[FAQ] Optimization

gadicc · November 12, 2022, 2:31pm

Official Docs

Build Step - Optimization; or, in short:

app.py at the root of the repo

a function called init() in app.py to load your model into the global model variable.

only one model can be optimized per repo.

If your model can be found as the model object in the init() function of app.py , the optimizer will be able to find it and recompile it for faster coldboots and faster inference.

Note: only Pytorch models can be optimized.

Community Findings

Optimization is Banana’s “secret sauce” so details are a bit scarce. However, here are some helpful things we’ve managed to figure out as a community, that can lead to the dreaded WARNING: Image Optimization Failed - cold boots may be slow warning.

“It’s not you, it’s us”.

Occasionally Banana’s optimization servers go offline. Unfortunately we still get the above warning regardless, so it’s hard to realise this is the reason why.

It’s helpful to keep a second repo on hand, that’s known to definitely optimize, and redeploy it again to check if optimization is indeed working. Clearly this is not ideal. The issue is known and Banana and working on making it more stable. You should mention this in the #support discord and see if anyone else is having similar problems.
Docker Base Image

Changing the docker base image can break optimization.
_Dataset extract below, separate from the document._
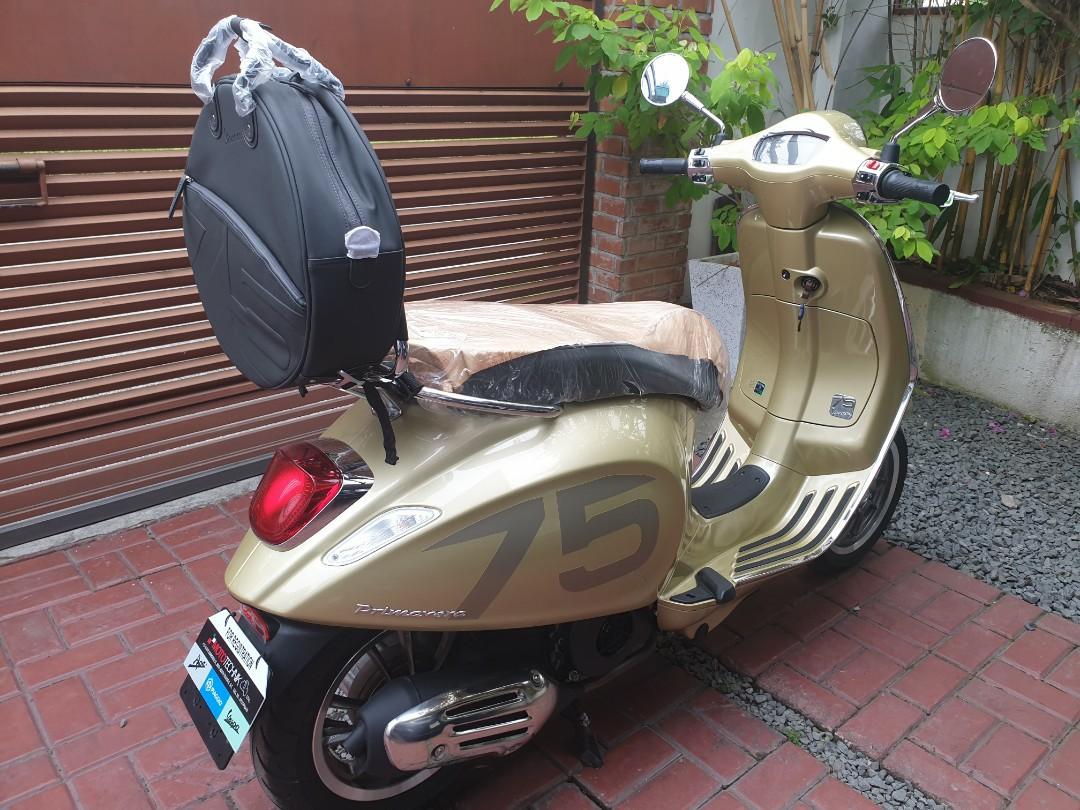 75th Anniversary 2021 Vespa 300 Gts Piaggio Vespa Anniversario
Try stick to one of the following base images known to work (and please report here if you find any more).
- pytorch/pytorch:1.11.0-cuda11.3-cudnn8-runtime (and -devel)
- pytorch/pytorch:1.12.1-cuda11.3-cudnn8-runtime
Multi-line model= line in your app.py’s init() function

A single-line model = loadModel(...) statement will always work. If you split it into multiple lines, it may work fine, but it may also result in very hard to find errors about broken indentation. Something to be aware of.

How does it work?

Your image is built according to your Dockerfile, on banana’s build servers.
This image is then transferred to the optimization servers (different to the build servers), where your source files are modified / adapted to use the optimized model.
1. Presumably app.py’s init() is called, the model is optimized and saved, and then the model = line is replaced to instead load the optimized model.
2. Notably: the optimization servers have GPU access, while the build servers are CPU only.

Let us know if you figure out anything else!